A reflection on how moving from handwritten records in rural China to structured EHRs in the U.S. revealed deeper issues in representation, consistency, and clinical workflows.
I grew up in a rural part of China where every piece of medical information lived on paper—thin, easily damaged, and often illegible. A doctor’s handwriting was sometimes no more than a hurried sketch, looping across the page in ways that few people could decode. For a long time, I believed this was simply part of “seeing a doctor.” You wait, you receive a slip of paper, and you carry it home without understanding what was written.
When I came to the United States, the first shock was not the technology, not the equipment, not even the cost of healthcare—it was the existence of electronic records. Suddenly, a medical encounter was not a single moment sealed in ink. It was a timeline. A structure. A history.
And yet, the more time I spent inside the U.S. healthcare system—first as a patient, then as a caregiver for my mother—the more I realized that structure is not the same as clarity, and digital does not guarantee consistency. If anything, EHRs made visible a deeper issue: clinical documentation is inconsistent, variable, and often not representative of what patients actually experience.

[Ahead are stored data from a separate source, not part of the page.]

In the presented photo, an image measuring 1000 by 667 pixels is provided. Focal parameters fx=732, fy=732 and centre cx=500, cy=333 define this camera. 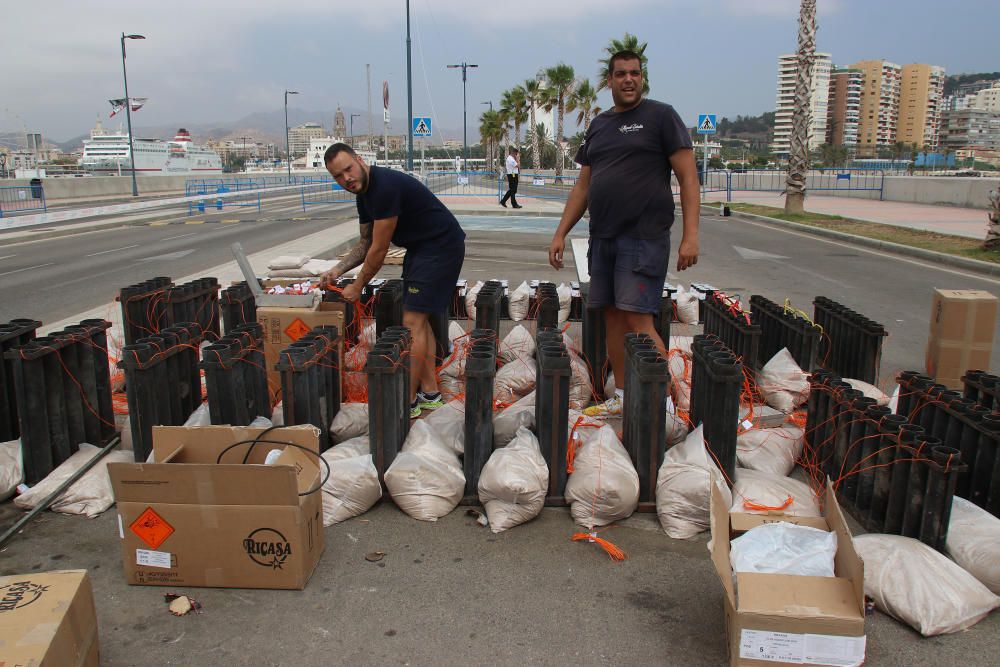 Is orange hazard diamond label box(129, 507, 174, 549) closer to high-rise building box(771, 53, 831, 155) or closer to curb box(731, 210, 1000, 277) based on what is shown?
curb box(731, 210, 1000, 277)

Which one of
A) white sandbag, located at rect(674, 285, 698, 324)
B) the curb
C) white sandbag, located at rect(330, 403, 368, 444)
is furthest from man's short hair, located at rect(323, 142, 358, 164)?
the curb

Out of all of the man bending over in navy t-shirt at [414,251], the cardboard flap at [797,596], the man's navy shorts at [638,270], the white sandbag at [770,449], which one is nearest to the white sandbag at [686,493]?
the white sandbag at [770,449]

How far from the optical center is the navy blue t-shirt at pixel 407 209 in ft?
14.5

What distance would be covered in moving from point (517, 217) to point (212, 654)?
20909 millimetres

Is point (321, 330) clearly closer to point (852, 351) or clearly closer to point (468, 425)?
point (468, 425)

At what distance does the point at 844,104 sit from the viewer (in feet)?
413

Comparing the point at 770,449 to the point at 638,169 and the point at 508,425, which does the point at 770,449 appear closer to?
the point at 508,425

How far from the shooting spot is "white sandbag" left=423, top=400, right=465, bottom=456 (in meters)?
3.94

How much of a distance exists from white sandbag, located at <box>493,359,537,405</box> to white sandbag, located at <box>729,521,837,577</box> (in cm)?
231

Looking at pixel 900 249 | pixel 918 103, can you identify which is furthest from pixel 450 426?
pixel 918 103

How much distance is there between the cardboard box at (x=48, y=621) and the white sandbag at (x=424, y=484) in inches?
55.1

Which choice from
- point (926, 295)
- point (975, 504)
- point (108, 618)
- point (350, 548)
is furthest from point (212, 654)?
point (926, 295)

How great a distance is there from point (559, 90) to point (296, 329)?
58649mm

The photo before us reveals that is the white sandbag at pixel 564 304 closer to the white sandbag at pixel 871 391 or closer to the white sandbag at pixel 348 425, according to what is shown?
the white sandbag at pixel 871 391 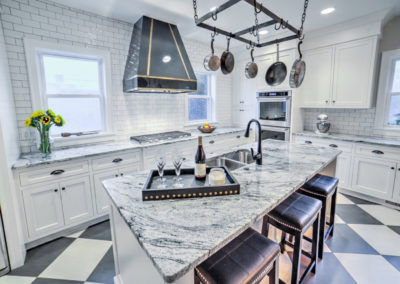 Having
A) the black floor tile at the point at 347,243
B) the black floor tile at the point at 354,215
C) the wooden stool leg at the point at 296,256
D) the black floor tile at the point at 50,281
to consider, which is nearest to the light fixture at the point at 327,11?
the black floor tile at the point at 354,215

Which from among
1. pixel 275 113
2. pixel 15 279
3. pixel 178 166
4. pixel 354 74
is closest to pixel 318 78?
pixel 354 74

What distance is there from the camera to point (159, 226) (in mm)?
948

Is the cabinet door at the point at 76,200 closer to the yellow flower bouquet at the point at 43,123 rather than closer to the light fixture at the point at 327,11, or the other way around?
the yellow flower bouquet at the point at 43,123

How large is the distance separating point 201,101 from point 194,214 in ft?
11.7

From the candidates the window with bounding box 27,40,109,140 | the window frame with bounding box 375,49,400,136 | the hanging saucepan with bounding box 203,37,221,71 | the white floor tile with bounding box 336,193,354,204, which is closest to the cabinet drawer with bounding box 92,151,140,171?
the window with bounding box 27,40,109,140

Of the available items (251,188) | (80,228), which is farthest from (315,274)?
(80,228)

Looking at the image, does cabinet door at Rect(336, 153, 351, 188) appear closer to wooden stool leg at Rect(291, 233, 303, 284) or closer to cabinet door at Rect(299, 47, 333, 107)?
cabinet door at Rect(299, 47, 333, 107)

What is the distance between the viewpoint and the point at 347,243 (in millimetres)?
2117

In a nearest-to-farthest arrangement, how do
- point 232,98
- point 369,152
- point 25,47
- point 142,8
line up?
point 25,47 < point 142,8 < point 369,152 < point 232,98

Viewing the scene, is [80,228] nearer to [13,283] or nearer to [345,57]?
[13,283]

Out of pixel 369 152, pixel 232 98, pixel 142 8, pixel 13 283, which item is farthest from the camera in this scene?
pixel 232 98

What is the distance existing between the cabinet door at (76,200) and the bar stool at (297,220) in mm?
1996

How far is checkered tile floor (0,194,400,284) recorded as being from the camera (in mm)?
1736

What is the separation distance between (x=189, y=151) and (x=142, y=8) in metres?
2.10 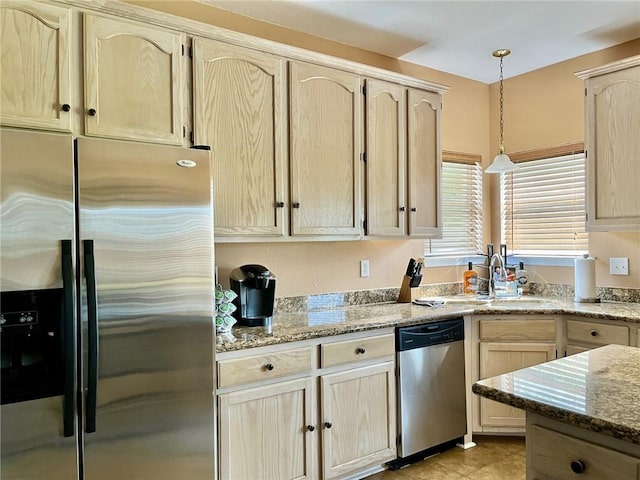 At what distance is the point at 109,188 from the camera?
1736 millimetres

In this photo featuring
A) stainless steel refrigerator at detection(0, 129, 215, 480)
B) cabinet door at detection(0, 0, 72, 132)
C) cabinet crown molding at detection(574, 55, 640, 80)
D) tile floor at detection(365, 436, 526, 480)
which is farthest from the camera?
cabinet crown molding at detection(574, 55, 640, 80)

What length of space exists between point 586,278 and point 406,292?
4.06 feet

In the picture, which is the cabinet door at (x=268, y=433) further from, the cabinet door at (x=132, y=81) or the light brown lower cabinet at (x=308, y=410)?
the cabinet door at (x=132, y=81)

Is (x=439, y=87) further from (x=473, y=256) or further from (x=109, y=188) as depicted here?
(x=109, y=188)

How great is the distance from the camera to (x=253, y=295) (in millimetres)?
2512

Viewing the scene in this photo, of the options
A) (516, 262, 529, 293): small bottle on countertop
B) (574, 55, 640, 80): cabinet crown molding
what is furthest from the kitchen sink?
(574, 55, 640, 80): cabinet crown molding

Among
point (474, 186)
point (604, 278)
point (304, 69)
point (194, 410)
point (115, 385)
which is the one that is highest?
point (304, 69)

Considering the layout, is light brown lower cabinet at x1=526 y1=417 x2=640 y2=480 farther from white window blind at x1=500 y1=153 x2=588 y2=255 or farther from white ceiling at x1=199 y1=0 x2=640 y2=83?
white window blind at x1=500 y1=153 x2=588 y2=255

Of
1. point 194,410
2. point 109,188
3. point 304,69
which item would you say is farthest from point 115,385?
point 304,69

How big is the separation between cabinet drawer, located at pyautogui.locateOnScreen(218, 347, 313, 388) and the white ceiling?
76.9 inches

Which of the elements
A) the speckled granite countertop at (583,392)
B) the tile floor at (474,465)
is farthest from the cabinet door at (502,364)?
the speckled granite countertop at (583,392)

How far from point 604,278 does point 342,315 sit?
198 centimetres

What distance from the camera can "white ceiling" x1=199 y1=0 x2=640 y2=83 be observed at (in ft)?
8.84

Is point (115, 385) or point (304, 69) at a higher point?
point (304, 69) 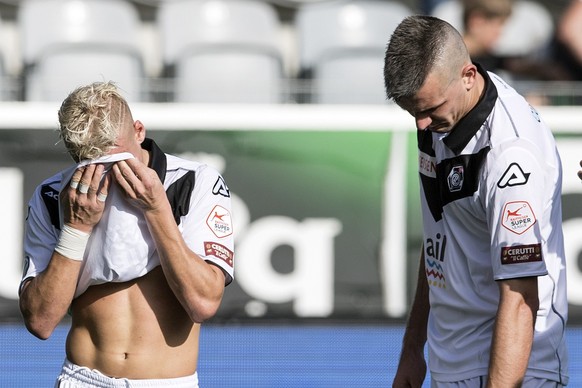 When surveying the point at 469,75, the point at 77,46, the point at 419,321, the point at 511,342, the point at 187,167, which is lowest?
the point at 419,321

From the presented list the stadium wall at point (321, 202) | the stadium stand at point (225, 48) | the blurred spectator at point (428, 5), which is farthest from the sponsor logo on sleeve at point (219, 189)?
the blurred spectator at point (428, 5)

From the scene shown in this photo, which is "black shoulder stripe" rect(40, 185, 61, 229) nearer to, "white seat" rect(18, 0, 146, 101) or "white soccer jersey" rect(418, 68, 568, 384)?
"white soccer jersey" rect(418, 68, 568, 384)

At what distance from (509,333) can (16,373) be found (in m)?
4.44

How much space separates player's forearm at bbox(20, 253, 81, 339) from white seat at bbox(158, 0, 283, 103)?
495 cm

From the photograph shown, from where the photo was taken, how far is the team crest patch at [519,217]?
2605mm

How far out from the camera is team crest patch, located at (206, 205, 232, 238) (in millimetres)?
2975

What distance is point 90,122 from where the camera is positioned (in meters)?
2.77

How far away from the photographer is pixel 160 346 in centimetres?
295

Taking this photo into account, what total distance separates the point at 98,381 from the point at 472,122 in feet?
4.15

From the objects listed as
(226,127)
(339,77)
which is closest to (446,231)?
(226,127)

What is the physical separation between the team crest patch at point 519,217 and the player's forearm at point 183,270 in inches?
32.8

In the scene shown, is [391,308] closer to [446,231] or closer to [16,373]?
[16,373]

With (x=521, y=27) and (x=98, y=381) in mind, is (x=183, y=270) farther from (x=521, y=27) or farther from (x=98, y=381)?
(x=521, y=27)

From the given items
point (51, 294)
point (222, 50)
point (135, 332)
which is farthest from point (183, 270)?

EHRs promise continuity, legibility, and interoperability. But in practice, I saw enormous variation:
• Some clinicians wrote five detailed paragraphs.
• Others wrote two minimal lines.
• Some used abbreviations I had never seen before.
• Others wrote in full sentences but omitted critical context.
• Nurses documented symptoms using one vocabulary; physicians used another.
The structure existed—but the content inside the structure varied wildly.
For my mother, this variability shaped how doctors understood her symptoms, what questions they asked, and which treatments they believed were appropriate. It shaped their assumptions. It shaped their decisions. It shaped her options.
Healthcare is full of invisible choices that happen long before a model is trained or a treatment is recommended. They happen in the moment a clinician decides:
• what to write,
• how much to write,
• and how to phrase what they write.
These choices are not neutral. They determine how systems interpret the patient later.
A symptom described differently in Chinese became something else in English. A note written by one clinician became something entirely different when summarized by another. EHRs offered legibility, but not fidelity.
Most health ML models rely on EHR data. But EHR data is not a static record—it is a product of human workflow, culture, and documentation behavior.
When I later studied applied mathematics and data science, I found myself asking questions few students asked:
• What if model failure comes not from the algorithm, but from inconsistent upstream documentation?
• What if two patients appear different only because clinicians document differently?
• What if the problem is not missing data, but missing structure?
Digitization solves the storage problem. It does not solve the representation problem. And representation is what models learn.
This essay forms the foundation of my research identity:
• documentation variability
• information structure
• cross-cultural interpretation
• how inconsistencies upstream affect decisions downstream
Paper vs. digital is not only a technological shift. It is a representational shift. And representation determines how clinicians—and models—understand reality.
Understanding this is why I study health data science. It is why I focus on information flows—the messy, human parts of healthcare that shape data long before it becomes “data.”